U.S.A. – -(Ammoland.com)- A Notice of Appeal requesting was filed Monday by attorneys Stephen D. Stemboulieh and Alan Alexander Beck with the United States Court of Appeals for the District of Columbia after the United States District Court issued an order denying a preliminary injunction in challenges to the Trump administration’s “bump stock” ban. The appeal “would further request expedited treatment in this appeal due to the urgency of the Final Rule going into effect on March 26, 2019.”
In the Memorandum Opinion, U.S. District Court Judge Dabney L. Friedrich, nominated to the court by President Donald Trump, ruled against all motions for a preliminary injunction to find for the administration in the cases of Guedes, et al., v. ATF and Codrea, et al. v. William P. Barr:
DC District Cout Opinion in Trump Bump Stock Ban Challenge
Denied were motions that “ATF violated the Administrative Procedure Act,” that the rule “violates the Takings Clause of the Fifth Amendment,” and “that then-Acting Attorney General Matthew Whitaker lacked authority to promulgate the rule.” In doing so, Judge Friedrich made some assumptions unsupported by fact and some contentions where she admitted as much.
Judge Friedrich begins with the assertion that “According to the Bureau of Alcohol, Tobacco, Firearms, and Explosives (ATF), the [Las Vegas] gunman used multiple ‘bump stocks’ in the attack, which increased his rate of fire.” As contrary to most news reports, political claims and public opinion as this may sound, that has never been definitively established, or if it has, that information has not been made public. True, guns were recovered from the scene with bump stocks attached, but, as a Freedom of Information Act response documented, ATF was denied inspection access to weapons at the scene to determine if the ones used had been modified with “machine gun fire-control components or known machine gun conversion devices,” and to this day no report of technical examination has been released.
“[T]he bump stock rule was based on a legal, rather than a factual, determination; crime statistics did not play any role in ATF’s analysis,” Judge Friedrich noted.
She further admits that critical terms such as “single function of the trigger” and “automatically” are “ambiguous,” and therefore a prior decision in the Chevron v. Nat. Res. Def. Council case “permits an agency to reasonably define undefined statutory terms.”

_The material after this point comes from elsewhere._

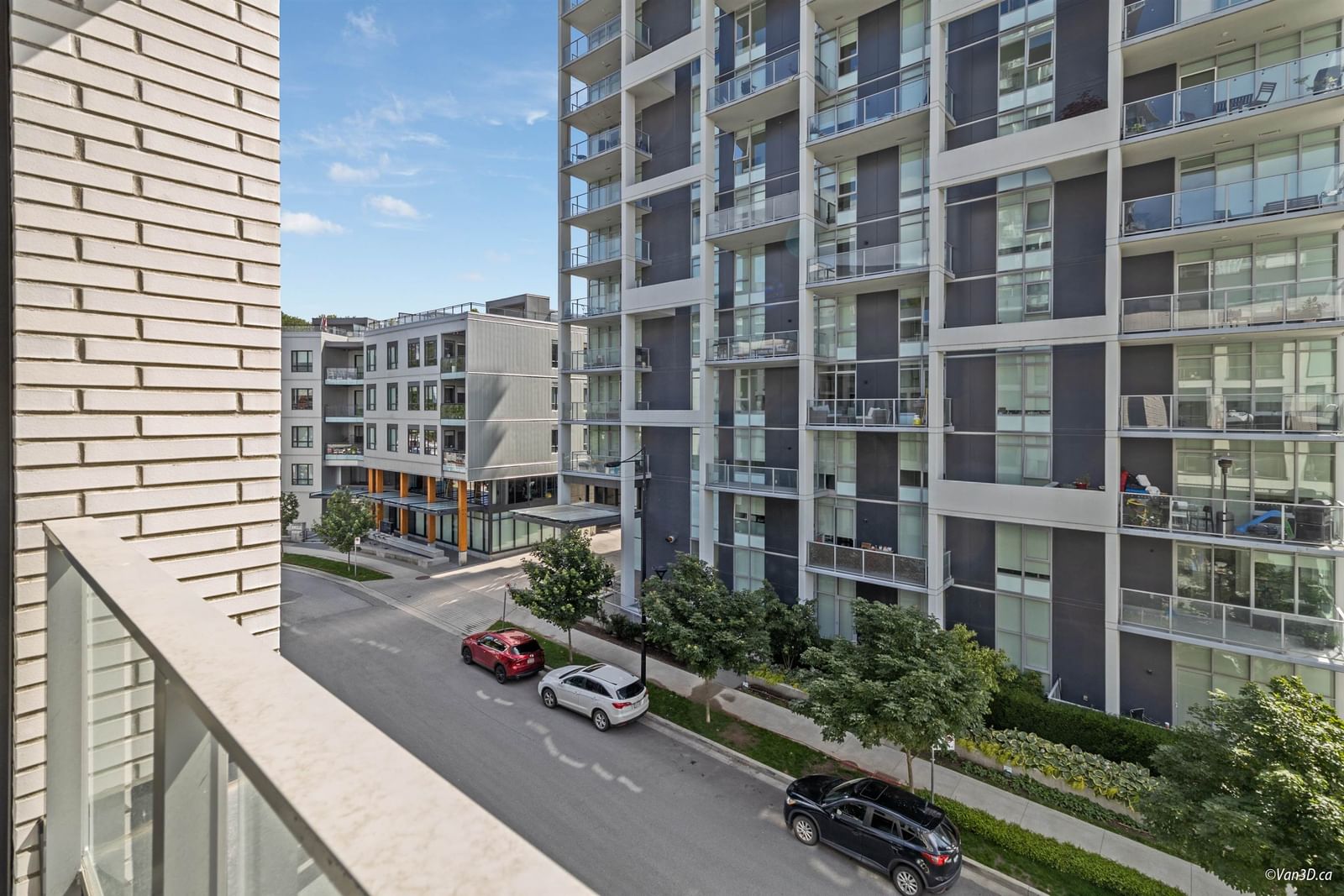 Listing Image 19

In reaching that conclusion, Judge Friedrich decided it “reasonable” to ignore prior Bureau rules, prior arguments made by ATF in court cases, the technical assessment of Rick Vasquez, the former head of the Firearms Technology Branch, and his sworn statement that the initial rule against the Akins Accelerator was made by political appointee and Acting ATF Director Michael J. Sullivan against the advice of legal counsel and technical experts.
“To the extent Guedes argues that Vasquez’s views are entitled to special weight because he is a former ATF official, Guedes is incorrect,” Judge Friedrich asserted in a footnote, arguing that a prior unrelated court decision demands bureaucratic diktats trump technical determinations. “The deference afforded under Chevron extends only to the agency’s official interpretations, not to the views of its former officials.”

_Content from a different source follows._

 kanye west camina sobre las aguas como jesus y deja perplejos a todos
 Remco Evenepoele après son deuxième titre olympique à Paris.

“Given the language of the rule and ambiguous nature of the wording I have come to the conclusion they should get it over with and get to the point they really want to make and just say ‘We want the guns, all of them,’ because they do,” Len Savage, President, Historic Arms, LLC and longtime colleague noted about the ruling.
The same legal ambiguity holds true for the “takings” motion, regardless of admitted “merits”:
“Codrea also asserts that the bump stock rule violates the Takings Clause because it fails to provide compensation to current bump stock owners who must destroy or abandon their property. Regardless of the merits of Codrea’s takings challenge, however, it does not justify preliminary injunctive relief.”
That Friedrich is a Trump appointee is relevant to note because it’s telling as far as expectations go. This also does nothing to bolster the credibility of some Trump apologists who have been insisting that the bump stock rule is some sort of 3D chess gambit cleverly designed to be overruled by the courts. That said, it would admittedly not be realistic to expect a more supportive decision had this been assigned to a Democrat appointee. And that ought to give gun owners a good idea of how “legally” hemmed in we are.
Where we stand now is unless the D.C. Appeals Court grants the appeal with expedited treatment, on March 26 I and others will become felons if we do not surrender or destroy property previously deemed lawful by the same bureau now saying it’s not.
UPDATE: The government has filed its opposition to the joint motion to expedite.
About David Codrea:
David Codrea is the winner of multiple journalist awards for investigating/defending the RKBA and a long-time gun owner rights advocate who defiantly challenges the folly of citizen disarmament. He blogs at “The War on Guns: Notes from the Resistance,” is a regularly featured contributor to Firearms News, and posts on Twitter: @dcodrea and Facebook.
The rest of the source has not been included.